虎の威を借る狐――力のない者は力のある者に憧れ、ときに小人(しょうじん)はそれを利用する。

 現在、ネットでは“Google出身”を全面に出し、Googleという“虎”を使って経歴を詐称し、経営サロンで多額の金を稼いでいる経営者が話題だが、それは中国の故事どおり政治の世界でも……。

 新潟県のほぼ中央部に位置する新潟県三条市。人口約10万人の工業都市で、古くから金物産業が盛ん。現在のキャンプブームを牽引すると言っていい、アウトドアメーカー『スノーピーク』や、日本にアウトドアを根付かせた老舗メーカー『キャプテンスタッグ』が本社を構えている。

 そんな三条市の市長選挙が11月1日に告示され、8日に投開票を迎える。候補者の1人に名を連ねるのが名古屋豊氏だ。1973年生まれの47歳で、市長選までは市議会議員を3期務めた(今回の市長選出馬のため辞任)。大学卒業後、教育関係の仕事に就いた後、国会議員秘書を8年務め、市議選に出馬したという。

「前職の国定勇人前市長が次期衆議院選に出馬するため辞職。今回の三条市長選は、それに伴った選挙です。名古屋さんは国定路線を継承する本命とされており、彼の街頭演説の際には、応援で国定前市長が隣にいたこともありました」(県内の地方紙政治部記者)

 次の市長候補として有権者からの信頼を集めているようだが、過去にはちょっと“怪しい”選挙活動をしていたことも。

「名古屋さんが以前、三条市の市議会議員選に出馬した際、小泉進次郎さんと対談している姿を自身の“チラシ”に使っていたんです。こんなど田舎のいち地方議員が、国会議員のスターと対談なんてできるなんてすごいなって。でも、自民党の公認でも推薦でもない人なのに、おかしいなと思いました」(三条市在住の男性)

不自然な切り抜き写真が使われて

 市議選の際、名古屋氏が配布したチラシの表ページは以下の文面と2人の全身写真が入る。全身写真は不自然な切り抜きで、ツーショットでもなく、どういった写真なのか小泉氏は手を振っている。

《三条市議会議員 名古屋豊×衆議院議員 小泉進次郎》 《特別対談》 《今、僕たちがやるべきこと》

 裏面には2人が向き合い、話しているような構図。しかし、こちらも向き合っているが切り抜き写真だ。裏面は小泉・名古屋両氏が交互に話しているような文章が載る。

《小泉氏 今関心を持たない人々の生活にもいずれは反映していくのが政治の魅力であり怖さです。

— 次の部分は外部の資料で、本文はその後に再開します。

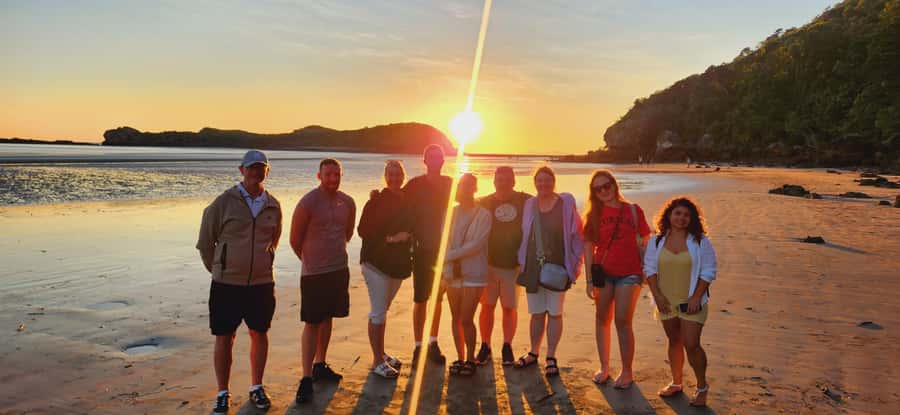Sunrise with the Kangaroos & Wallabies - Airlie Beach - Key points at a glance
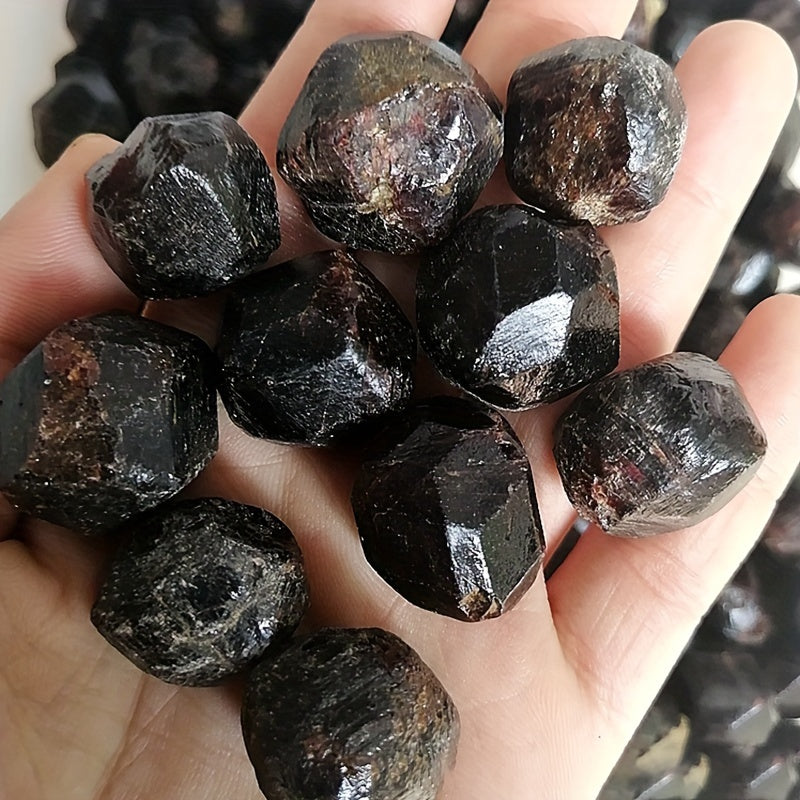 Muestra de piedra de granate crudo para meditación de chakra y equilibrio energético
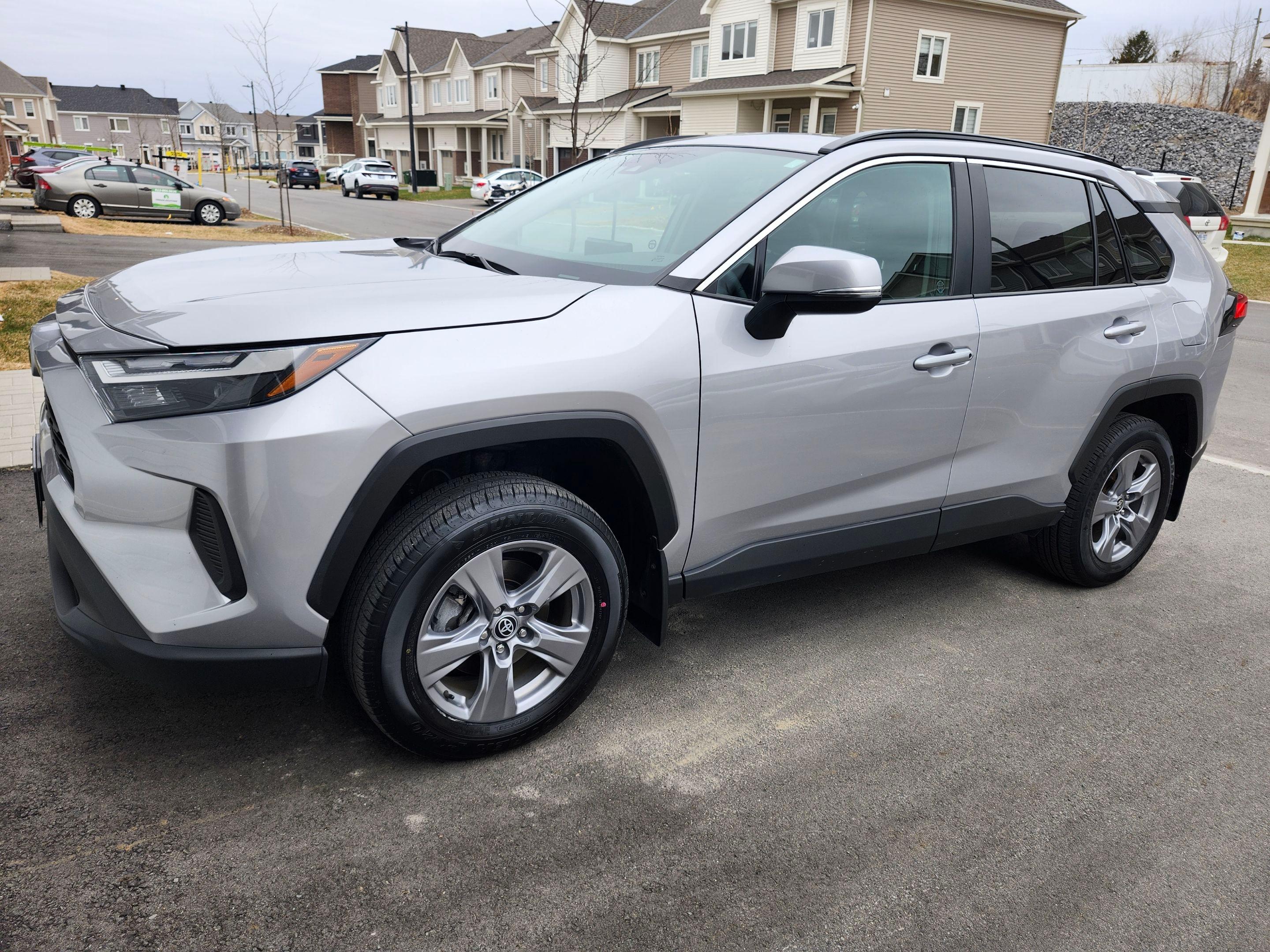 Toyota RAV4 2022 à Ottawa, ON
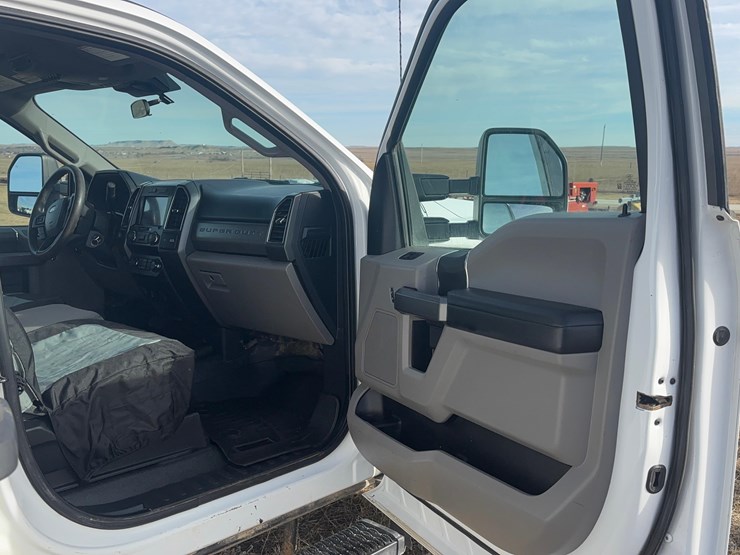 2022-ford-f450-image-8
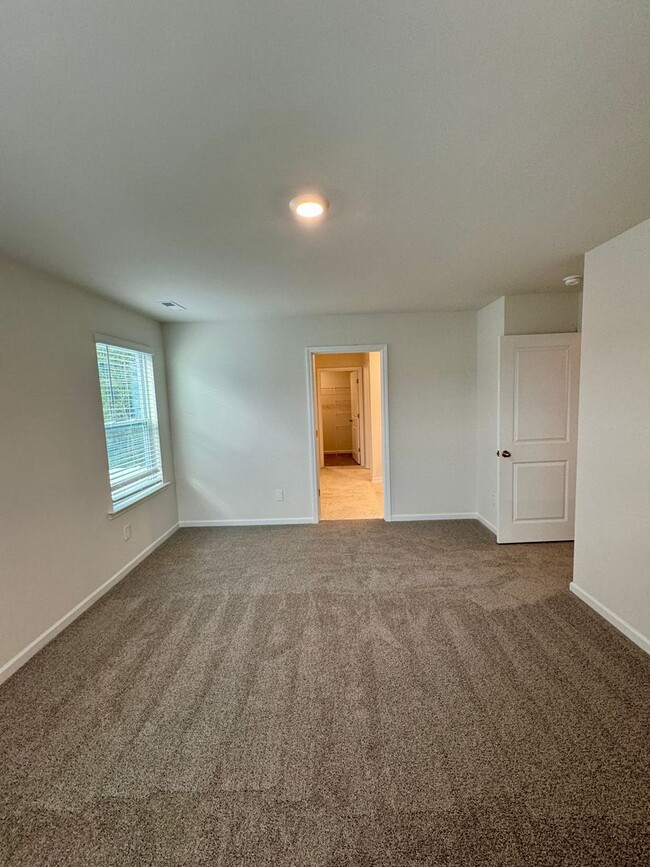 Building Photo - New 3BR/2.5BA Home in Hamilton Woods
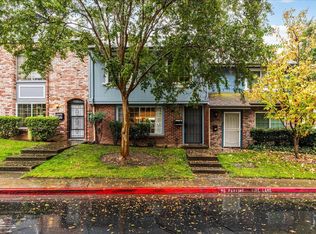 4002 Oak Villa Cir, Carmichael, CA 95608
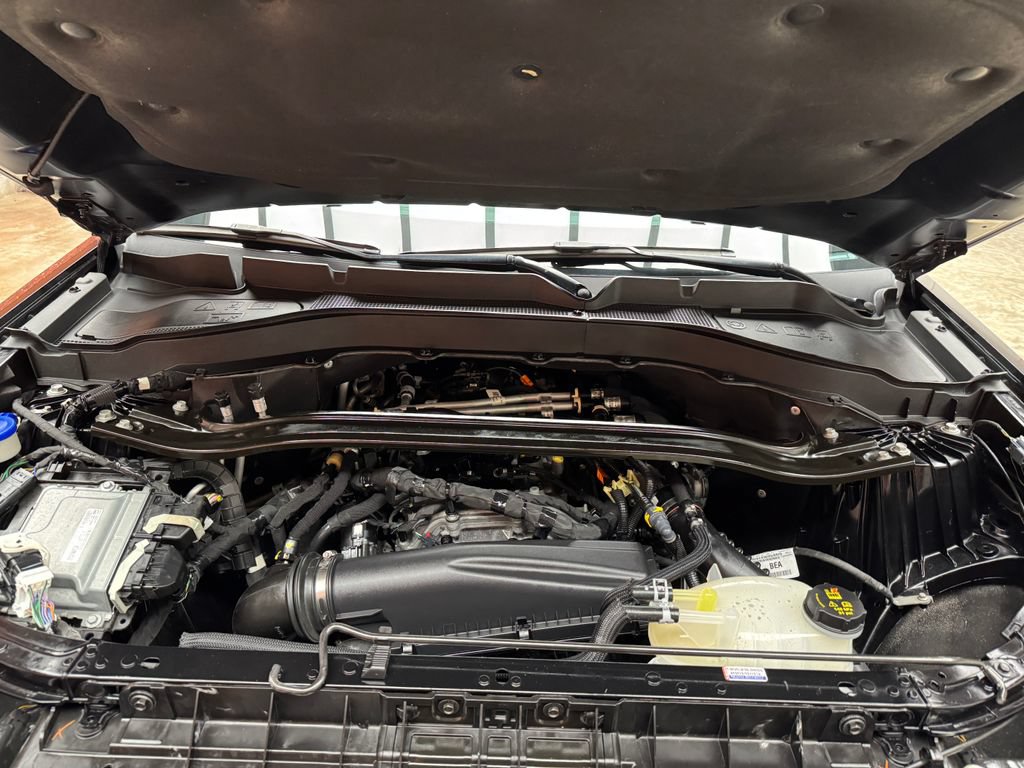 Used 2025 Ford Explorer ST-Line w/ ST-Line Street Pack AWD/4WD image 30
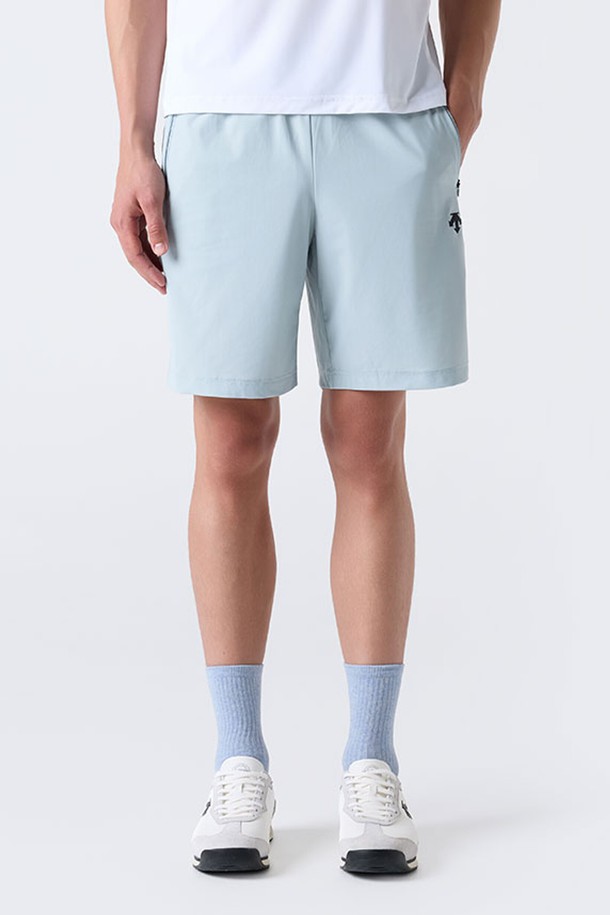 트레이닝 쿨링 트리코트 쇼츠 (남성 9인치/여성 5인치)는 시원한 착용감을 제공하는 여름용 스포츠/운동 반바지입니다. 남성용은 9인치, 여성용은 5인치 기장으로 제작되어, 활동적인 움직임에 최적화된 레귤러핏을 선사합니다. 흡습 및 냉감 기능을 갖춘 나일론, 폴리우레탄 혼방 트리코트 소재를 사용하여 쾌적함을 유지하며, 양쪽 지퍼 포켓과 내부 스트링으로 실용성을 더했습니다. 미니멀하고 스포티한 디자인으로, 피트니스, 러닝, 요가 등 다양한 운동 시 활용하기 좋습니다. 그레이, 블랙, 차콜 세 가지 색상으로 만나보실 수 있습니다.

》

《名古屋氏 一人の市民に大きな負担をかけるのではなく、市民全体で小さな義務を負うことが必要です。》

 以上が大きく見出しとして入り、本文としてやや小さい文字が入る。2人は高齢者問題について話しているが、見出しからもわかるように、なんだか話が噛み合っていない。また、三条市の名古屋氏と話すのであれば、普通なら “三条市”の話題が出るであろうが、小泉氏はいっさい触れていない。さらに、対談した日時についてもどこにも書いていない。